Le blockchain, infatti, proprio perché database distribuiti, hanno bisogno di metodi per concordare sulla validità delle operazioni effettuate ed aggiungere così nuovi anelli alla catena di blocchi.

Con il metodo POW i miners competono per risolvere più velocemente possibile il calcolo matematico presente in un nodo della catena, al fine di guadagnare la relativa ricompensa e poter aggiungere quel blocco alla serie di transazione già validate. Si tratta di un sistema energivoro, che prevede un consumo di risorse sempre maggiori per eseguire calcoli sempre più complessi in tempi sempre più brevi.

Il proof-of-stake è invece meccanismo di consenso differente, nel quale un validatore è scelto casualmente per creare nuovi blocchi, condividerli con la rete e guadagnare ricompense. Anziché svolgere un intenso lavoro di calcolo, è sufficiente mettere in gioco (staking) i propri ETH nella rete.
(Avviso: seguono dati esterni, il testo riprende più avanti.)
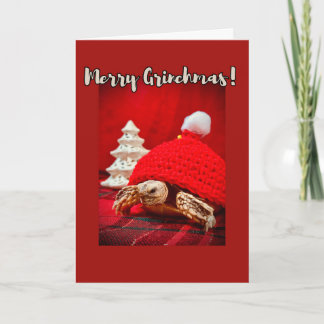 Merry Grinchmas baby sulcata tortoise in a red hat Card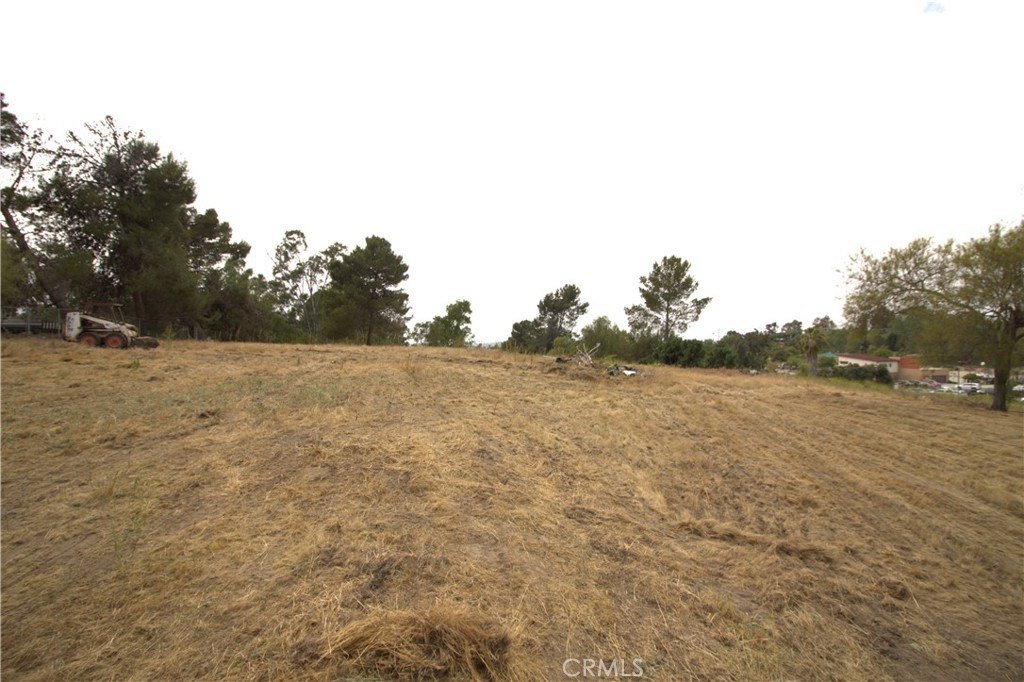 Picture 12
Il validatore è determinato appunto da un fattore di randomizzazione, ma contribuiscono alla sua designazione anche l’ammontare della quota depositata e la longevità dello stake (c.d. coin age), cioè da quanto tempo è stato fatto il deposito. La scelta, descritta dalla stessa Ethereum nel suo sito, è basata su motivi energetici che hanno dei riflessi geopolitici ed evidenziano ancora di più la necessità, non più rinviabile, di normative internazionali in materia di criptovalute. Basta guardare a ciò che è successo all’altra criptovaluta per antonomasia, Bitcoin: dopo la promulgazione da parte della Cina di normative fortemente avverse ai criptoasset, quasi tutti i miners presenti nel paese si sono spostati in Kazakistan, stato con un’alta disponibilità energetica; tuttavia i disordini scoppiati nella prima parte dell’anno phanno portato ad una interruzione delle forniture energetiche e a un forte abbassamento del valore del coin, incentivando la ricerca da parte degli stessi miners di un altro “luogo sicuro”, in cui avere a disposizione un gran quantitativo di energia a prezzi competitivi.
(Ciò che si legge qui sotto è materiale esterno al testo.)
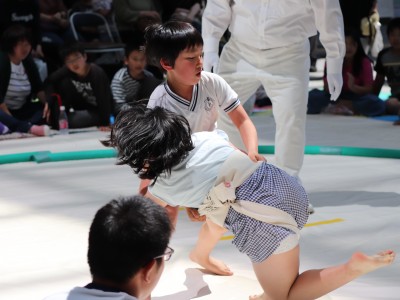 ５月度例会   わんぱく相撲浜松場所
Inoltre, da un punto di vista strettamente commerciale, il passaggio POW a POS potrebbe dare a Ethereum un notevole vantaggio competitivo rispetto a Bitcoin, non solo godendo di maggiore apprezzamento a livello nazionale e sovranazionale in quanto più attenta agli aspetti energetici e ambientali, ma anche e soprattutto introducendo l’utilizzo degli smart contract (prodotto esclusivo di Ethereum) nella quotidianità di un gran numero di cittadini per l’esecuzione di operazioni in tempo reale.